Gold and Silver Are Winners: Debt Ceiling Looms As another Catalyst to Keep Precious Metal Rally Going

From bank failures to rising interest rates and still high inflation, investors around the globe are rushing into precious metals for safety, portfolio diversification, and as an asset to grow their wealth.

Precious metals

Gold is up 10% since the start of 2023 and recently raced above the $2,000 an ounce level. Silver is up 4% and looking ahead Wall Street remains positive on precious metals. Citigroup has a bullish forecast for gold climbing to the $2,300 ounce level in the near-term. And, a new forecast from a BofA Global Research report says a gold market close above $2,078 on both a daily and weekly basis “would go a long way in signaling significantly larger upside…such as $2,391/2,543.”

Shifting to the macroeconomic environment for a moment, some may wonder what could be the next catalyst for another upleg in gold?

Two words: Debt ceiling.

While the debt ceiling confrontation has fallen to the background in the wake of the banking system turmoil, it still has potential to trigger a new round of chaos in the financial markets.

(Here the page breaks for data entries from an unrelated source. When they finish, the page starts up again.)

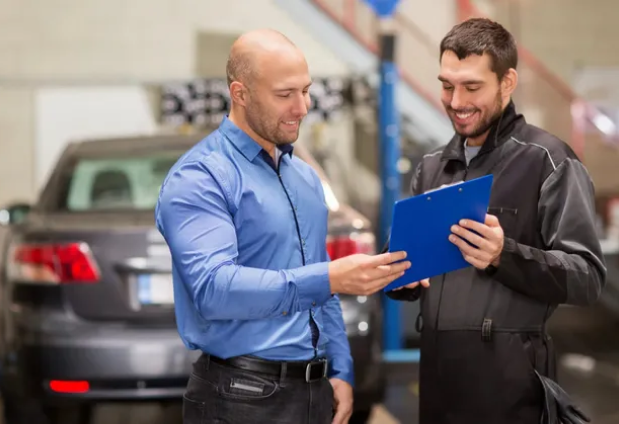 A man and mechanic reviewing paperwork in a car repair shop, both smiling.
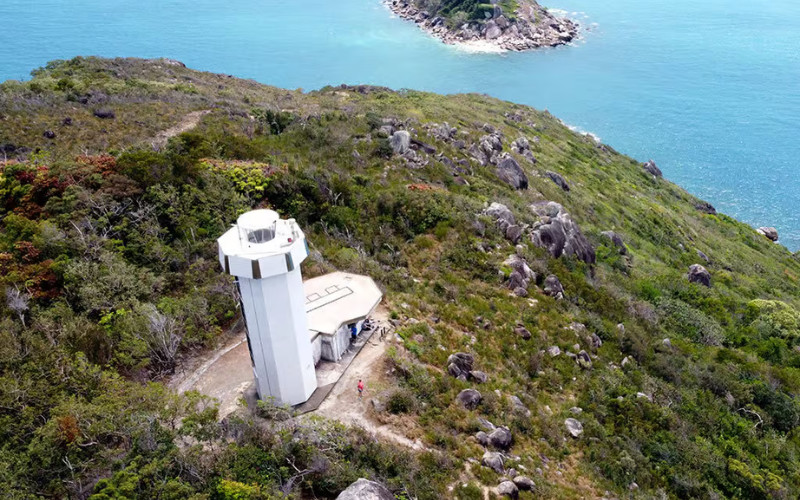 Fitzroy Island lighthouse on hill with coastal views over the Coral Sea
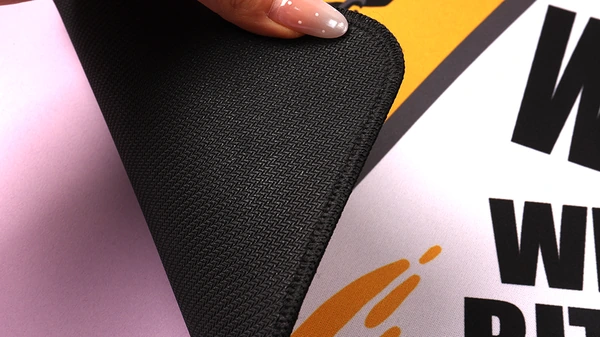Hand lifting a printed desk mat corner to show its textured black backing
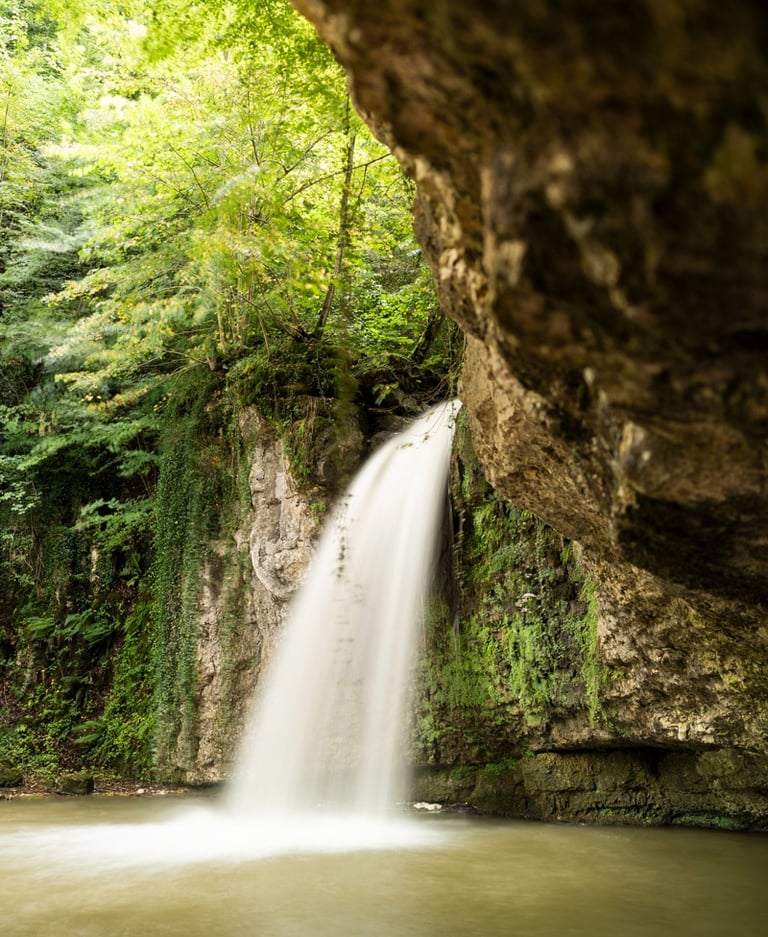 a waterfall in a cave in the woods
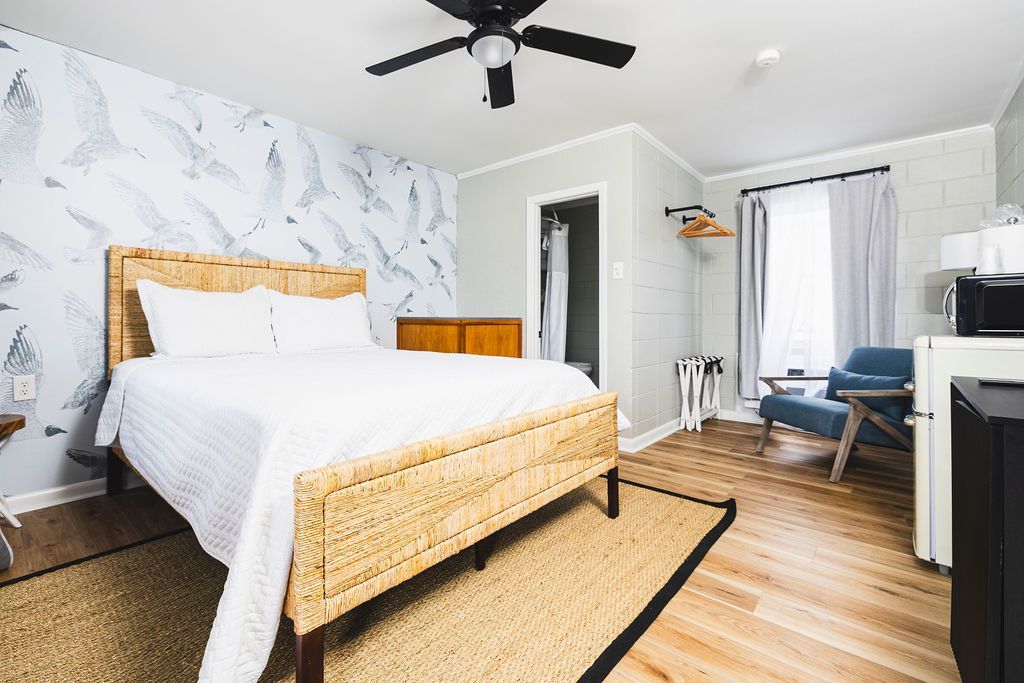 A bright and airy guest room at Seabirds Motel at Kure Beach, featuring a queen-sized bed with a rattan headboard, white linens, and coastal-themed wallpaper. The room's light and inviting atmosphere make it a perfect choice for a relaxing, pet-friendly stay in North Carolina.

Congressional leaders are bracing for a high-stakes standoff over raising the debt ceiling in the months ahead. Back in 2011, Congress took the nation to the brink of default with its in-fighting over raising the debt ceiling. Those political shenanigans were costly – the incident resulted in a Standard & Poor’s downgrade of U.S debt. Barron notes that that has meant the yield on U.S. Treasuries has consistently been one to two percentage points higher than German government bonds since that time.

What could this mean for gold in 2023?

The last time Congress held the debt ceiling hostage and took the U.S. to the brink of default was in August 2011 and gold soared to its then all-time high above $1,900,  as global investors turned to the precious metal as a safe haven.

A debt ceiling standoff 2.0 in 2023 would open the door for another round of massive gold buying, as investors rush to the safety of precious metals, which are attached to no government debt or obligations like the U.S. dollar is.

What could happen if Congress doesn’t raise the debt ceiling and the U.S. defaults on its debt payments?

As we’ve talked about before, a Congressional failure to raise the debt limit would destroy the global market’s confidence in American Treasuries and the U.S. Dollar the reserve currency. It would trigger a recession in the U.S., causing millions of Americans to lose their jobs and the stock and bond markets would crash. Social Security checks would stop coming. Interest rates would soar because in order to continue funding the massive U.S. debt,  America would be forced to pay extremely high rates of interest on new bonds because no one would trust Treasuries anymore.